Apakah ini bapak Ruslan Ismail Mage? Hatiku berbisik pada urat besar yang terletak sedikit di atas telinga kananku. Seilir acara berlangsung ternyata kata penghormatan selalu saja tertuju padanya. Ooh mungkin bapak ini dari Jakarta ya? Mungkin beliau nara sumber acara workshop menulis buku ini? Terus hati ini bertanya sampai terjawab ketika pembawa acara mempersilahkan kepadanya untuk memegang mikrofon dan dipersilahkan untuk memberikan materi tentang menulis dan membimbing peserta untuk memunculkan gagasan-gagasan serta inovasi membangkitkan semangat menulis.

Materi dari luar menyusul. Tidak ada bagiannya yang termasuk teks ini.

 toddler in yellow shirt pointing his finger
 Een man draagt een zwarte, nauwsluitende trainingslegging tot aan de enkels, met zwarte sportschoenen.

Beliau adalah Ruslan Ismail Mage, awalnya pemikiranku menjalar kepada Ruslan Buton, seorang purnawirawan perwira TNI yang membacakan surat terbuka kepada Presiden Republik Indonesia Joko Widodo agar berhenti dan mundur dari jabatannya, atau mungkinkah ini saudara kandungnya? Rasaku terus gelisah dan ingin tahu siapa gerangan lelaki berwajah teduh bermata elang di depanku. Semakin kuat dugaanku bahwa orang yang namanya Ruslan ini, pintar dan cerdas, berani dan bertanggung jawab dan tidak memberikan jawab yang tanggung terhadap setiap persoalan yang dihadapkan kepada dirinya.

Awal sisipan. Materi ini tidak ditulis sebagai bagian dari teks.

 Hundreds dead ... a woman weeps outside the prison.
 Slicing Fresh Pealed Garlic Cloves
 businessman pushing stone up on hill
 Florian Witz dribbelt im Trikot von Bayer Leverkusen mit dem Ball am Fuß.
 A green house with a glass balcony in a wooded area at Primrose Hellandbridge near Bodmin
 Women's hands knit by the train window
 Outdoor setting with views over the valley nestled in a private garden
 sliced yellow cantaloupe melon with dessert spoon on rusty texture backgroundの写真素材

Nalar kearabanku mulai terusik bahwa kata “Ruslan“ barasal dari akar kata “Rasulun“ yang berarti utusan, seiring dengan itu “Ruslan” juga berarti wakil, penyampai, yang juga mengandung makna inspirator, inovator dan motivator. Sarafku berceloteh, pantasan bapak ini diundang dalam acara ini, sebagai wakil inspiratif untuk menggali potensi yang ada dalam diri guru-guru termasuk aku yang selalu mencari jalan bagaimana bisa menulis. Lisanku disuruh oleh hatiku untuk berucap pelan yang hanya boleh terdengar oleh telingaku, terima kasih bapak, I love you. (Bersambung)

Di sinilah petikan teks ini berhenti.